EXERCISE PROMPT
When you reproduce these records, keep every word exactly and drop the images.

Short text fragments from websites:
━━━━━━━━━━━━━━━━━━━━
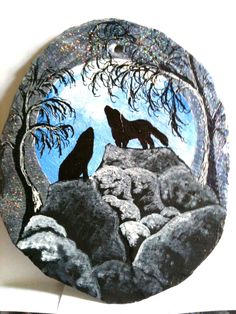 a black and white plate with two wolfs sitting on rocks in the night sky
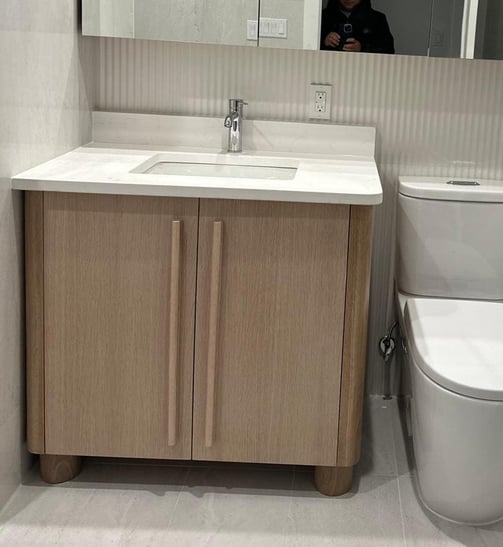 a bathroom with a toilet and a mirror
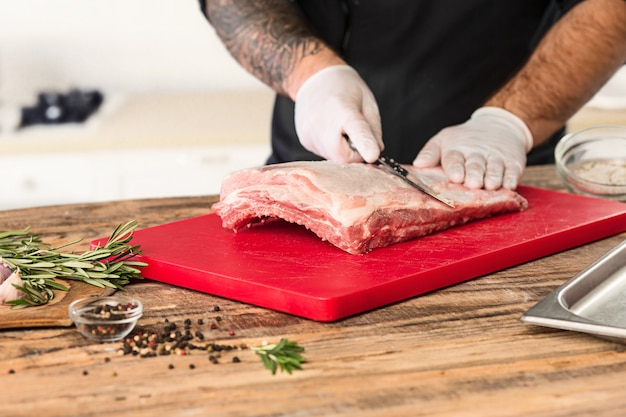 Free photo man cooking meat steak on kitchen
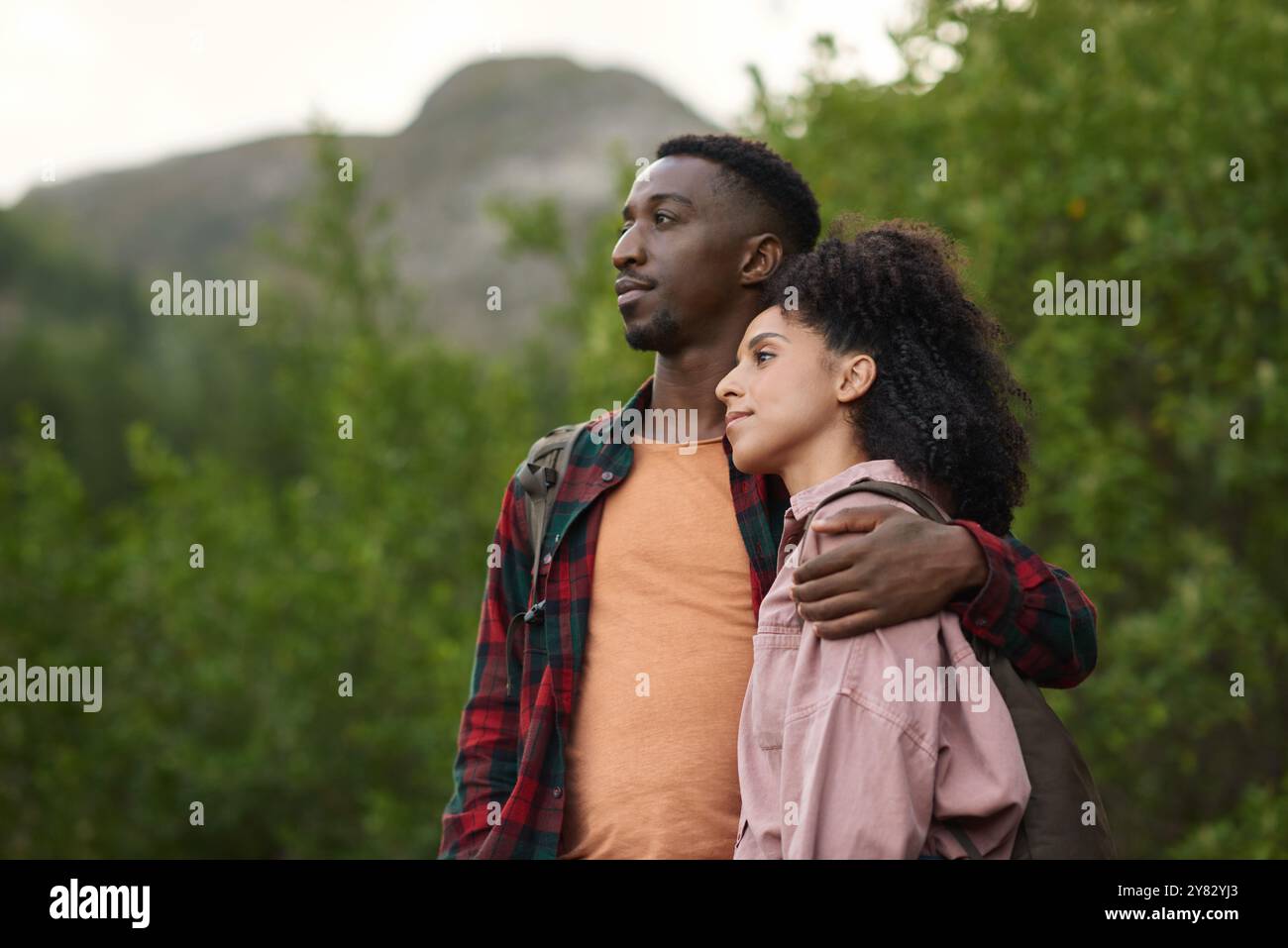 Jeune couple multiethnique profitant de la vue panoramique alors que dehors pour une randonnée ensemble dans quelques collines accidentées en été Banque D'Images
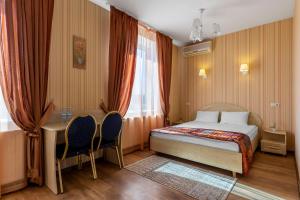 Postel nebo postele na pokoji v ubytování Гостиница Siesta Киев + 19 fotografií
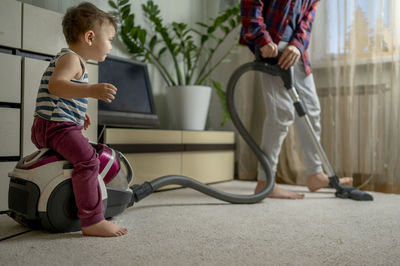 Boy cleaning carpet with brother sitting on vacuum cleaner at home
━━━━━━━━━━━━━━━━━━━━
RESPONSE FOR THIS EXERCISE
 a black and white plate with two wolfs sitting on rocks in the night sky
 a bathroom with a toilet and a mirror
 Free photo man cooking meat steak on kitchen
 Jeune couple multiethnique profitant de la vue panoramique alors que dehors pour une randonnée ensemble dans quelques collines accidentées en été Banque D'Images
 Postel nebo postele na pokoji v ubytování Гостиница Siesta Киев + 19 fotografií
 Boy cleaning carpet with brother sitting on vacuum cleaner at home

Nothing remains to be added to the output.